US first lady Michelle Obama is challenging claims she has forcefully imposed her will on White House aides and says people have wrongly tried to portray her as "some kind of angry black woman".
Mrs Obama said she has not read a new book that characterises her as a behind-the-scenes force, whose strong views often draw her into conflict with President Barack Obama's top advisers.
"I never read these books," she told CBS's Gayle King in an interview. "So I've just gotten in the habit of not reading other people's impressions of people."
In the book, Mrs Obama is said to have occasionally bristled at some of the demands and constraints of life in the White House.
In the CBS interview, Mrs Obama said: "I love this job. It has been a privilege from day one."
"Now there are challenges," she added. "If there's any anxiety that I feel, it's because I want to make sure that my girls (Malia and Sasha) come out of this on the other end whole."
The book by journalist Jodi Kantor portrays a White House where tensions developed between Mrs Obama and former White House chief of staff Rahm Emanuel and former press secretary and presidential adviser Robert Gibbs.
The book, titled
The Obamas
, describes Mrs Obama as having gone through an evolution from struggle to fulfilment in her role at the White House, while labelling her an “unrecognised force” in pursuing the president’s goals. Neither the president nor his wife agreed to be interviewed for the book.
“I do care deeply about my husband,” Mrs Obama said. “I am one of his biggest allies. I am one of his biggest confidants.” But she sought to put aside "this notion" that she sits in meetings.
“I guess it’s just more interesting to imagine this conflicted situation here,” she said. “That’s been an image people have tried to paint of me since the day Barack announced, that I’m some kind of angry black woman.”
“There will always be people who don’t like me,” Mrs Obama added, and said she could live with that.
Mrs Obama said that she’s "just trying to be me, and I just hope that over time, that people get to know me".

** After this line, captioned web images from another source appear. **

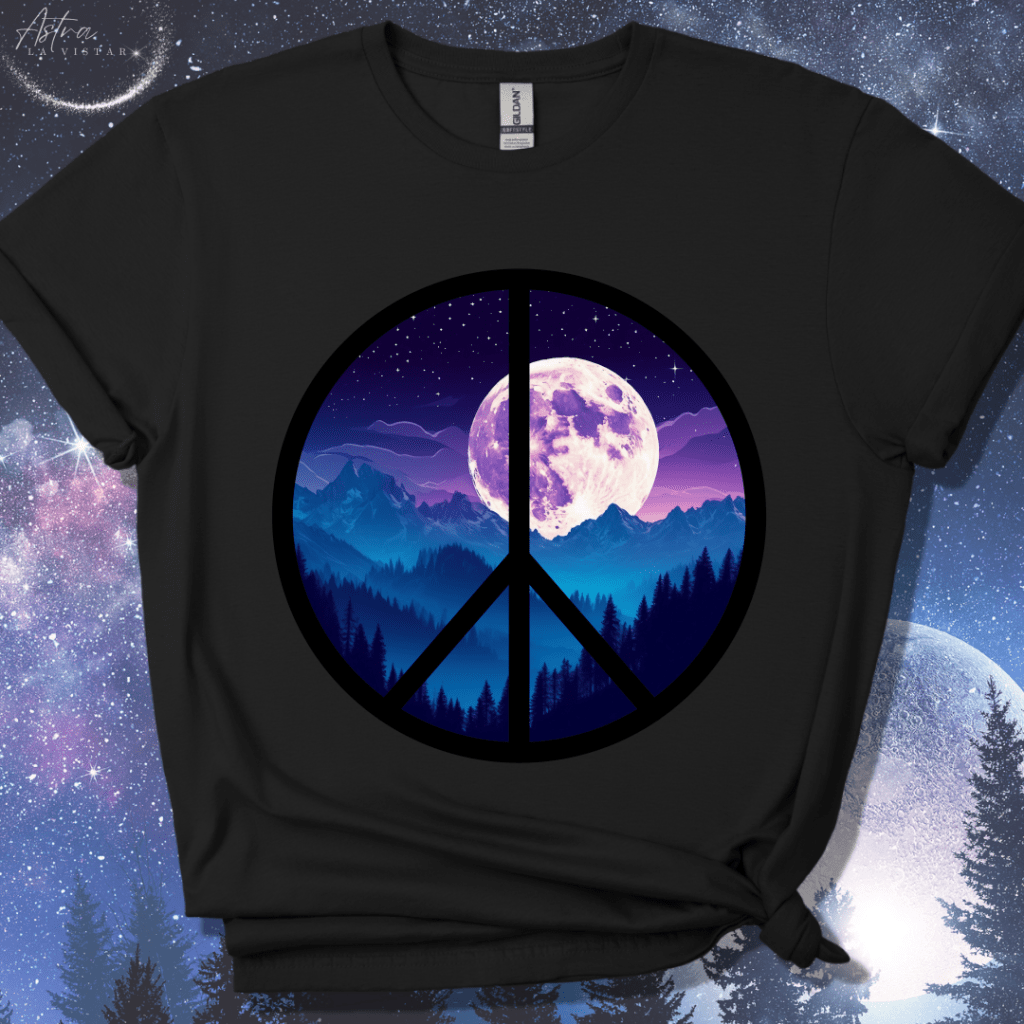 Lunar Tranquillity T-Shirt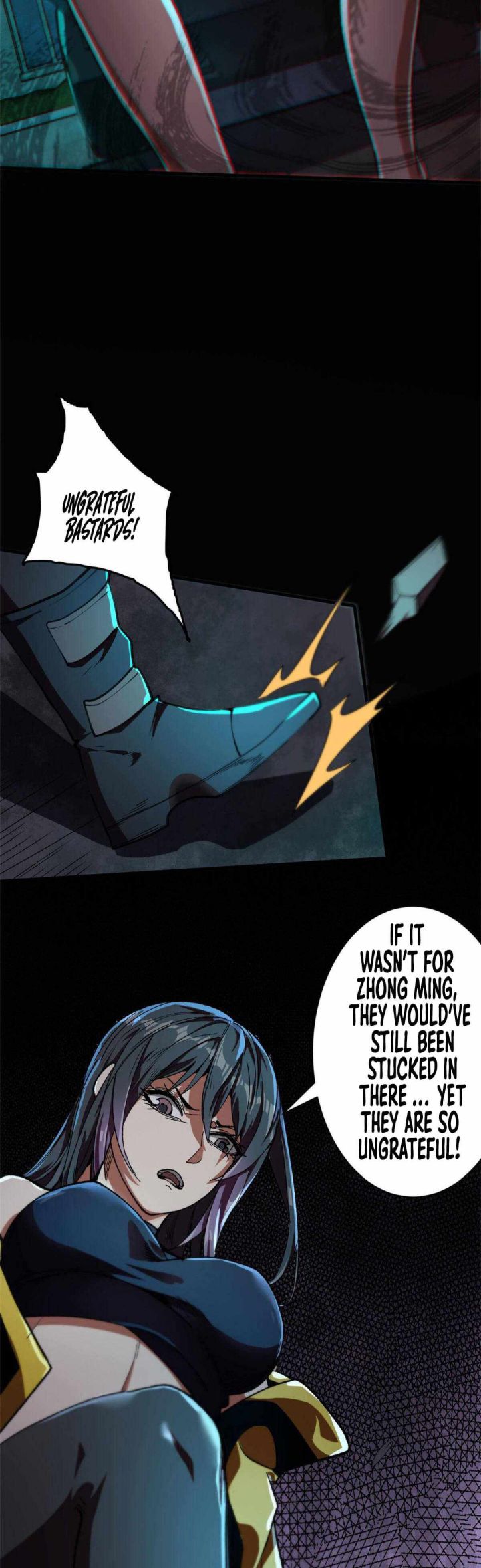 Wheel World Chapter 16 - Page 21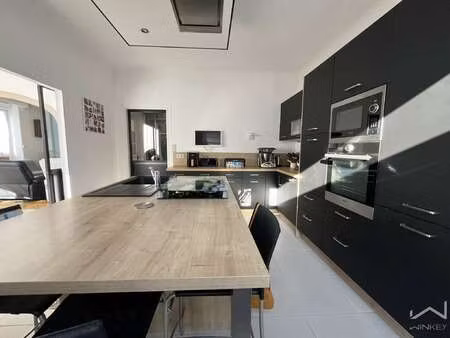 vente maison à brette-les-pins (72250) : à vendre / 135m² brette-les-pins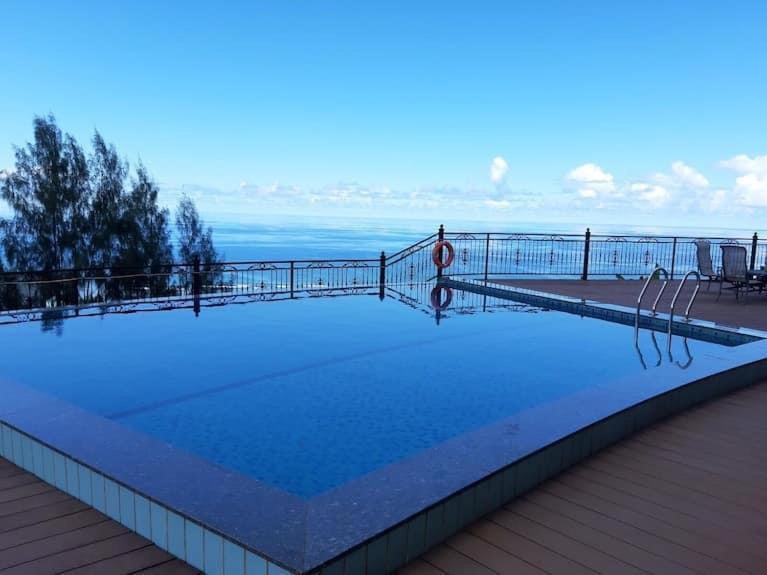 Amanda Villa - Best Value Mountain Top Inn Au Cap Ngoại thất bức ảnh
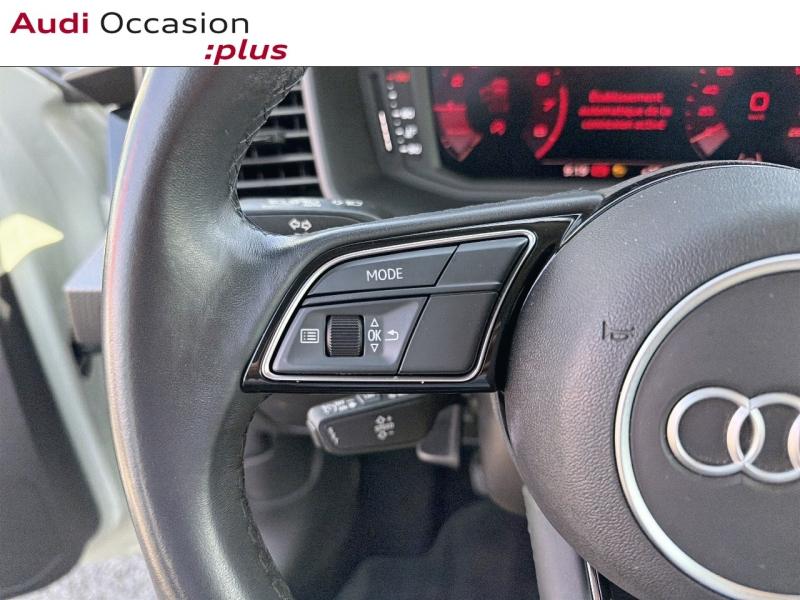 Voitures occasions Audi A1 Sportback Advanced Bruay-la-Buissière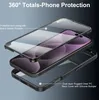 An exploded view of a phone case, showing its protective layers. Anteprima dell’immagine prodotto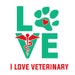 I Love Veterinary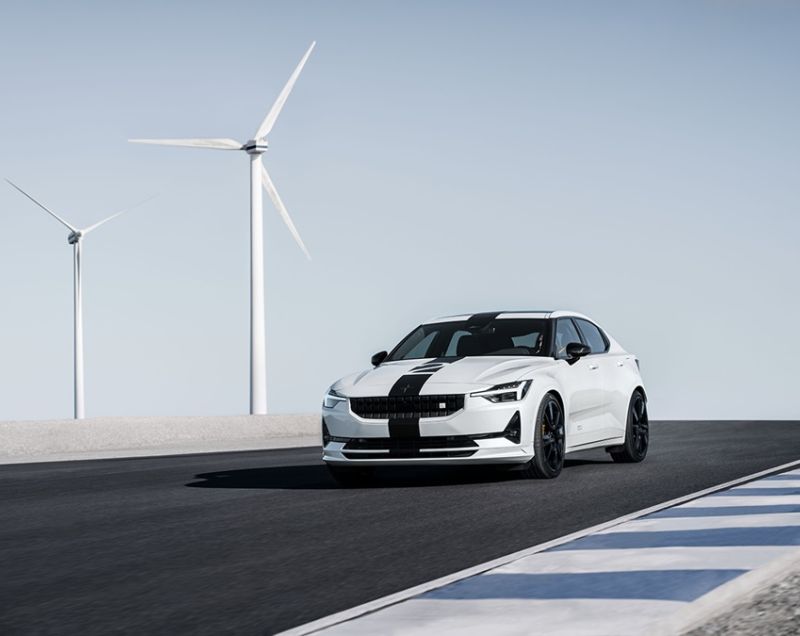 Polestar Polestar 2 82kWh Long range Single motor Plus Pack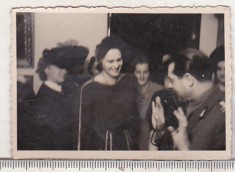 bnk foto Principesa Ileana arhiducesa de Austria - nasa de botez - 1943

Asked specifically about an assertion of dissension between herself and Mr Emanuel, now the mayor of Chicago, the first lady said she has “never had a cross word” with him. The same, she said, applies to Mr Gibbs, whom she described as a good friend.
“I’m sure we could go day to day and find things people wished they didn’t say to each other,” Mrs,Obama said. “And that’s why I don’t read these books. ... It’s a game, in so many ways, that doesn’t fit. Who can write about what I feel? What third person can tell me what I feel?”
Mrs Obama said that when questions or conflicts arise involving her and the White House staff, her East Wing staff resolves the issue with her husband’s staff in the West Wing.
“If there’s communication that needs to happen, it’s between staffs,” she said. “I don’t have conversations with my husband’s staff.”